Joined Anne and David at Simon and Beatrice's "Chillie Heaven" restaurant tonight. Our hosts whipped up some excellent shrimp and chicken curry. But I excused myself early to go off to bed and rest my aching body.

The taxi to town cost 50 centimos (about 15 cents!), the return trip three Soles (about 90 cents). Taxis and mini-buses are vital transportation for most people outside the big cities. They have to be reasonably-priced.

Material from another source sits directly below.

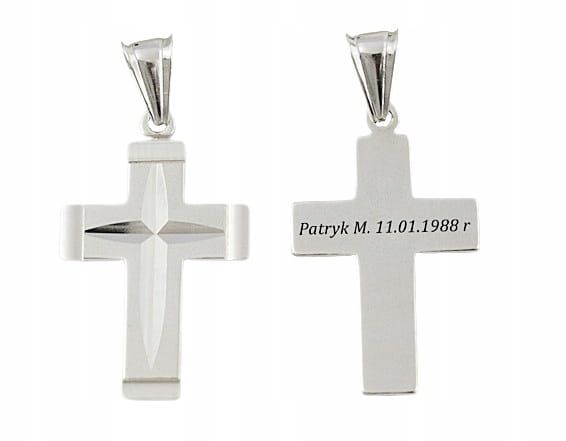 Łańcuszek Srebrny Pancerka 5,00 mm z Krzyżykiem  pr 925 Grawer Gratis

A cold night. I went directly to bed.


Anonymous said...

Nice're looking good for an ole man...Phil

Evan said...

Oh! Is Tim in the photo? I have to double check, because the SCENERY is so amazing!!

timtraveler said...

Intentionally taken from a distance. Close-ups are too revealing.

timtraveler said...

Thirty-seven is not that old.

(Gee, I wish I were thirty-seven.)

timtraveler said...

5 comments (moved here due to consolidation of posts):

Gen Kanai said...

That is a TREMENDOUS photograph!

timtraveler said...

Of a TREMENDOUS landscape! Thanks!
(Where are you writing from?)

Genevieve said...

Very scary road there, but it is an awesome photo!

timtraveler said...

You're bringing back distant memories as you comment on the archives! That seems so long ago now!

Genevieve said...

I know the feeling -- but of course, it really has been a long time since I saw any of this country (1980-82). Your posts have brought back a lot of nearly-forgotten memories for me, trust me!